Competition fanatics are obsessed with competitions for a reason.. they make money out of doing something they enjoy. And some are very good at it. If you have ever worked in promotions in radio, television or magazines you will know who I am talking about. In fact I would bet that many of you know some of these people by name.

How successful are they?

“”I’ve practically been able to furnish my whole house and children’s’ bedrooms and everything” a quote from one competition fanatic taken from this article.

Competition fanatics can be very successful, indeed making a living of the winnings of competitions. You only have to watch stories on a current affair shown every four months to see this. For the ATO of course this raises an interesting question of whether winnings are taxable income and I suspect that some of these professionals have or may run into issues with the ATO on declaring income on their profession.

Legitimate fanatics vs cheats

From a trade promotion perspective there is nothing untoward having the one person win so many prizes that they are able to furnish their house. After all they have probably spent hours and hours finding and entering competitions and deserve to win some in return. It’s not that these people are lucky, they just work hard to increase the likelihood of winning.
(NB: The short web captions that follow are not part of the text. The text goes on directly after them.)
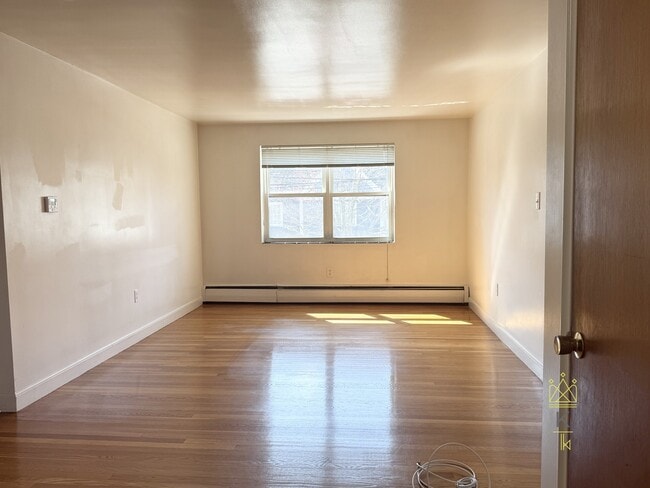 Building Photo - 47 Broadway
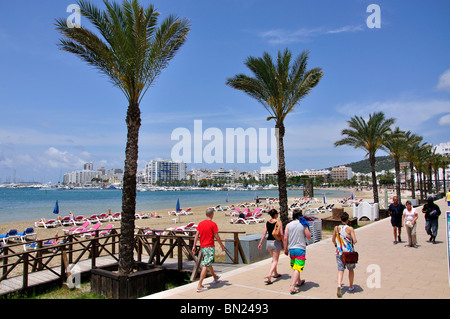 Spiaggia e il lungomare con vista, Platja de s' Arenal, Sant Antoni de Portmany, Ibiza, Isole Baleari, Spagna Foto Stock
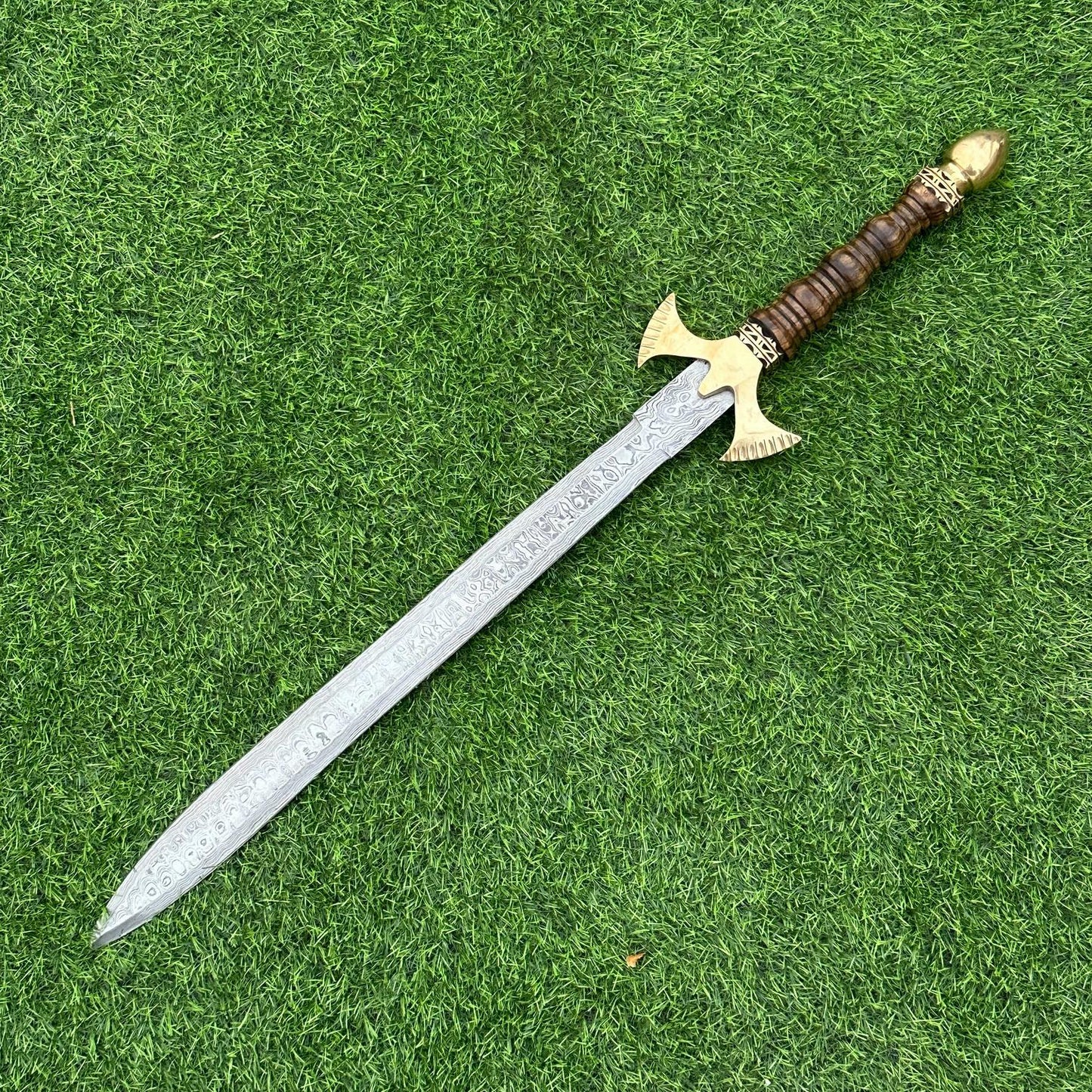 Beautiful Handmade Damascus Steel 30" Combat Hunting Sword , Long Sword, Double Edge Sword, Viking sword, Gift for Groomsmen, Wedding Gift.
On the other hand there are a small percentage of people who cheat. They use international- possibly criminally involved groups- to buy votes to win voting competitions. They use computer scripts to enter online competitions under different names, with different emails and addresses to gain an unfair advantage over other entrants in a competition. These people are more likely to be encountered in very large and very well published competitions. It is possible that these people may not only be breaching competition terms and conditions, and may therefore be disqualified, but also breaching the law. It is a crime to obtain a financial advantage by deception.

How can promoters manage this?

Promoters must first understand that a competition will attract both the casual entrant and the prize fanatic. There is nothing wrong with a prize fanatic entering a competition a thousand times if the competition terms and conditions allow an unlimited number of entries per person.

Competition terms and conditions must be drafted to carefully consider the various types of people who may enter and the objective of the Promoter. If a promoter wishes to limit the number of entries per person they should also consider using a validation processes to stop the potential for someone to enter using different IP addresses, emails, and variations on their name. The competition terms should clearly state the rules in regards to entering in the entrants own name and in relation to scripting and using a third party to enter on their behalf. CAPTCHA code should be used for all online competitions as this requires an entrant to enter in letters from an image and reduces the risk of scripting to be used.

There are some website which charge entrants a fee for the website to enter a competition on their behalf. Trade promotion laws prohibit a person being charged a fee to enter and it will be interesting to see the regulator’s response to this shortly.

How should a promoter respond in the case of cheating?

The above information is all fine and well until you actually experience a situation where you suspect someone has cheated. In such a situation you cannot simply disqualify the person without firstly considering whether: a) the person has actually cheated, b) the terms and conditions of your competition allow you to do so, c) any trade promotion permit conditions, and d) any other obligations you have. In some cases what may first appear to be cheating can turn out to be an entrant simply exploiting a loop hold in your terms and conditions and in such a situation you will just have to live with it.